People with chronic kidney disease share a common weakness - they are not able to adequately handle phosphorus in their bodies and it often reaches toxic levels.
Phosphorus is not only found in meat, but is also a common additive in many meat products. It is an important element for good dental and bone health, and phospholipids are a major structural component of almost all cell membranes. Its elevated levels, however, can have severe consequences for the human nervous system.
Even in mild forms or exacerbations of an underlying kidney condition, ingesting normal amounts of phosphorus with food can cause serious cardiovascular and neurological problems and even lead to a fatal outcome.
Even a few weeks of diet is enough to significantly reduce the toxicity of the mineral, as demonstrated in a recent study conducted by a team led by Dr. Sharon Moe of Indiana Medical University, USA.
The team studied the effect of different levels of dietary phosphorus in patients with kidney disease. Patients were hospitalized and on a strictly vegetarian diet for one week, and the following week were fed only high-quality meat products . This cycle was repeated several times, with blood samples taken from the volunteers at the end of each week.

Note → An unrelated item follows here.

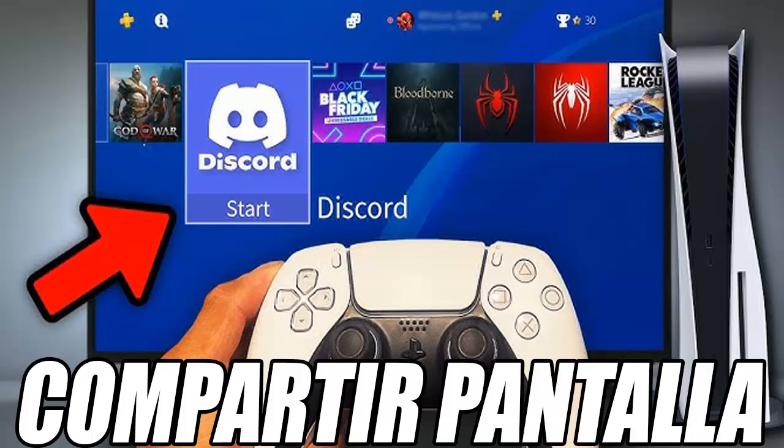Now put Remote Play in full screen. The next step is to open Discord on your device and join a voice channel. Once inside, select the share screen icon on the bottom part, which is this one here, and now we select Remote Play in the list of available applications. Finally, click on Go.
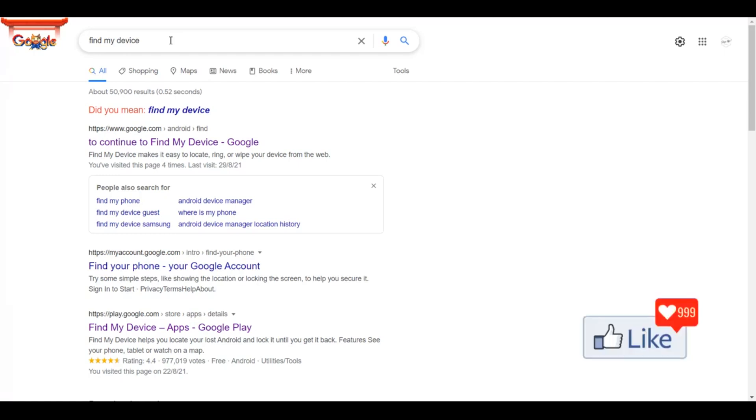But for Android users, there is good news. You don't have to have any pre-installed application to trace your own device.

Although both diets have similar protein and phosphorus concentrations, patients in the vegetarian diet had much less blood phosphorus and excreted much less of the mineral in their urine than in the meat-based diet, which clearly shows , how much more phosphorus do carnivores take.
Scientists are not convinced of the exact cause, but suggest that the cereal-vegetable diet causes a significantly more moderate attitude in the intake of phosphates to proteins, which greatly facilitates metabolism.
It is also important to note that in this diet most of the phosphates are in the form of phytic acid . Also called phytate , it is a high molecular weight compound containing phosphorus, which, however, is not absorbed by the human body. About 75% of the phosphorus in the vegetarian diet is locked in these molecules, but the remaining 25% is quite sufficient to meet the body's needs for the mineral without causing accumulation, intoxication and unwanted side effects.